"Do Not Forsake Me Oh My Darling" is an episode of the allegorical British science fiction TV series, The Prisoner. It was written by Vincent Tilsley and directed by Pat Jackson and was the fourteenth produced. It was the thirteenth episode to be broadcast in the UK on ITV (ATV Midlands and Grampian) on Friday 22 December 1967 and first aired in the United States on CBS on Saturday 3 August 1968.

The episode stars Patrick McGoohan as Number Six and features as Number Two, Clifford Evans.

Produced while Patrick McGoohan was in America filming Ice Station Zebra, the writers worked around McGoohan's absence by having Number Six's mind implanted in the body of another man (Nigel Stock), who is then sent out of the Village to help capture a scientist. As a result, McGoohan appears in the episode for only a couple of minutes.

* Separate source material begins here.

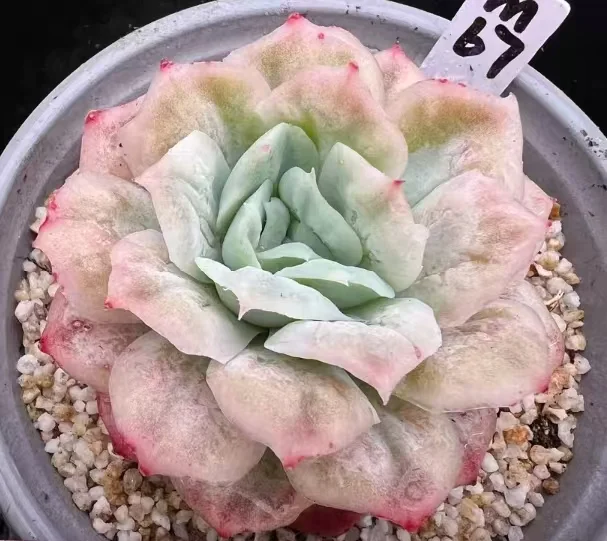 plant Aeonium Echeveria Haworthia  Caudex  Lithops Cactus  Agave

The episode title, and the background music heard throughout it, derive from the American song "The Ballad of High Noon" – also called  "Do Not Forsake Me, O My Darlin – introduced in the 1952 movie High Noon.

Plot summary
In an atypical teaser before a modification of the standard opening sequence (different music, the usual Number Six/Number Two dialogue is absent), two men sit in the office of a senior intelligence officer named Sir Charles. They are analysing photographic slides by way of seeking clues that will lead them to locate a missing inventor named Professor Seltzman (later revealed to have developed a technology that can switch two people's minds into one another's bodies). They are unsuccessful.

A man referred to only as "Colonel" arrives at the Village and only then learns from a new Number Two that his mission is to trade bodies with Number Six, using Seltzman's system. Number Six had been the last agent to have contact with Seltzman. After the swap, Number Six (now in the Colonel's body, and retaining only his pre-Village memories) awakens in his old London apartment and soon sees an unfamiliar face in his mirror. His fiancée arrives and, of course, fails to recognise him. He prudently restrains himself from enlightening her. Despite the shock, he realises what has been done to him, maintains his cool, and sets about to regain his own body. After a visit to his former superiors (the most senior of them, Sir Charles Portland, previously seen in the teaser) avails him nothing, he attends his fiancée's birthday party. There, he retrieves an old photo lab receipt from her, which he had given her in pre-Village days. He implies his true identity to her and she seems to almost understand, as Sir Charles, her father, had not seemed willing to do. With the retrieved slides back at his flat – they had previously been developed by Sir Charles' minions, and then returned to the shop – he uses an alphanumeric code system based on Seltzman's name to select certain slides which, projected together and viewed with a special filter, reveal the location of Seltzman. This turns out to be (the fictitious) Kandersfeld, Austria, to which Number Six promptly travels. Seltzman is believed – at least by Number Two and his superiors – to have perfected the reversal of the mind swap process. This is exactly what Number Two wanted, and, Number Six having been followed, both men are gassed into unconsciousness and returned to The Village.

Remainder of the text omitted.